The Graphic User Interface (GUI)

The GUI shown in Figure 32 will be used to select the model. Upon selecting a model, its correspondent load file will be loaded to the DSP.

Figure 35: Graphic User Interface (GUI)
Figure 35 (graphics32.png)
  1. Enter GUIDE in the MATLAB® command line.
  2. Choose a new GUI, and name it Spectrum
  3. Add a list-box to your GUI with the string: 
    
Periodogram
Burg
M-Cov
  4. A script file “spectrum.m” will open, when you press the “play” button.
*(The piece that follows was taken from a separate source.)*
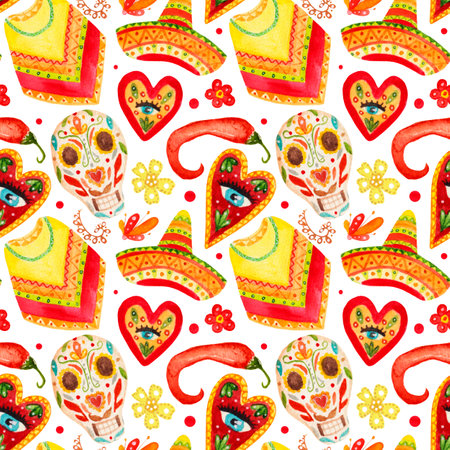 Watercolor pattern with mexican style skull, costume, hearts, pepper on a white background. For various products etc.の写真素材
Name the script “spectrum.m”
  5. The GUI will perform the following tasks:
    • Upon activating the GUI, the default model is loaded to the DSP.
    • When the user selects a new model, it is loaded to the DSP.
  6. The initialization routine “Spectrum_OpeningFcn” will be: 
    
function Spectrum_OpeningFcn(hObject, eventdata, handles, varargin)
modelName = gcs;
%connect to target:
CCS_Obj = connectToCCS(modelName);
% Identify RTDX channel names/modes
CodegenDir = fullfile(pwd, ['Periodogram' '_c6000_rtw']);
OutFile = fullfile(CodegenDir, ['Periodogram' '.out']);
%load the model to the DSK:
CCS_Obj.load(OutFile,20);
handles.CCS_Obj=CCS_Obj;
handles.output = hObject;
%remember the current model: 
handles.last_model=1;
CCS_Obj.run;     
% Update handles structure
guidata(hObject, handles);
  7. Selecting a new model: 
    
%1. halts the current model
%2. loads the current model
%inputs:
%m - 3 levels flag that tells which model to load.
%CCS_Obj - the target object
function ChangeModel(m,CCS_Obj)
CCS_Obj.halt;
switch m
    case 1
    model='Periodogram';
    case 2
        model='Burg';
    case 3
        model= 'MCov_AR';
end         
CodegenDir = fullfile(pwd, [model '_c6000_rtw']);
OutFile = fullfile(CodegenDir, [model '.out']);
CCS_Obj.load(OutFile,20);
CCS_Obj.run;         
 if last_y~=15000
r.writemsg(chan_struct(2).name,1/last_y); 

end
  8. When the user changes the model, the list-box handler function is invoked: 
    
function listbox1_Callback(hObject, eventdata, handles)
handles.last_model=get(hObject,'Value') ;
ChangeModel(handles.last_model,handles.CCS_Obj);
guidata(hObject, handles);

The handler saves the new model as the current model and invokes the change model function we described above.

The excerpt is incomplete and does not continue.